I’ve had similar issues with transcriptions falling into a “doom loop”. This happens when some of the text on a page is upside down (for example, when someone reuses a printed page). Curiously, this also seems to be a problem for a set of pages that have a stamp in the top left-hand corner. It will transcribe the text in the stamp and then start repeating a random set of words. In one instance, I tried to re-upload a page and got a doom loop again but with different text.
I also seem to have encountered the doom loop – there isn’t even the word ‘propter’ in the document!
This example is probably out of distribution (i.e. not reflected in the training data) for the present version of the model. We’ll be introducing support for medieval scripts soon!
The most common transcription failure or error I’ve encountered (beyond simple incorrect transcriptions of single words or numbers) is the mass repetition or loop hallucination which others have noted. This seems to be connected to the following:
-
The last line of text is very difficult to read or discern (poor image quality or lighting etc at very bottom of image/manuscript). [Image 1]
-
Parts of the image and text are cut off or damaged, or text is picked up from another manuscript (underneath, overlapping, etc) [3].
-
Double-page layouts [5]. I sometimes got better results by cropping these into single page layouts [6], but I’m not sure the double-page is always the issue (see next point).
-
Atypical text layouts - this seems to be a particular issue with court minute books, like the 16th and 17th century English church court images attached [5-7]. While cropping double-page layouts sometimes fixes this, Leo still really struggles with these, often hallucinating before it can get through full transcription [7].
I think layout is perhaps the most important factor, coupled with the simple issue that these church court books are extremely difficult and annoying to read, even for an experienced paleographer. They are a mixture of highly abbreviated and formulaic Latin interspersed with English, all in messy secretary hands crammed into unorthodox layouts, with marginalia etc. Leo has had far greater success with 17th century English depositions - largely italic in a standard layout [1 and 3].

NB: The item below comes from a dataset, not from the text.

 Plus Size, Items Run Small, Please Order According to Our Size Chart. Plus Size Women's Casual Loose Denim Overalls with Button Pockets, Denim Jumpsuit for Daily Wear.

I gave Leo a very difficult task - poor images of bad handwriting, blocks of text on the page. I felt sorry for the poor thing. On some pages it tried and picked up random bits of text. Other times it simply repeated the first phrase over and over.

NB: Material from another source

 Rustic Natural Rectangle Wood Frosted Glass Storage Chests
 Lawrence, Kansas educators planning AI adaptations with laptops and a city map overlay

Going through and carefully selecting blocks of text for transcription helped it a lot. It might be worth warning users in advance that for complex manuscripts, it’s not a good to just click “transcribe” when uploading, but to work each page separately.
One odd thing: it seems to have a preference for Scottish town names. It turned Tiverton into Aberdeen!
Adding one more oddity here. On one of these complicated pages, Leo simply transcribed the first line and repeated it dozens of times! https://www.tryleo.ai/document/5e0b2bc1-d1f1-4b0a-a0f5-dde41008cf75?imageId=e97c694a-9de0-4e8a-b11d-8c57a699d7a3
Looking this over - an ink blot on the page seems to throw Leo off. One possible fix: a spot-fixing tool that would let a user white-out the blot.
I thought I’d let Leo have a go at some tricky 16th century Latin accounts this morning. It has really, really struggled and in many cases produced what someone else has called a ‘doom loop,’ repeating the same thing over and over. In many cases it was almost like it couldn’t be bothered to try, yet in others it gives it a good go. Sometimes it starts off well and then gives up!
I’ve been having it transcribe a manuscript treatise and while it mostly deals fine with the main text (bar occasional errors, especially in expanding abbreviations), it usually ignores page numbers, and occasionally also fails to transcribe marginal captions. I can’t really work out why it has missed the ones it missed, given they are no blurrier than the ones it has transcribed.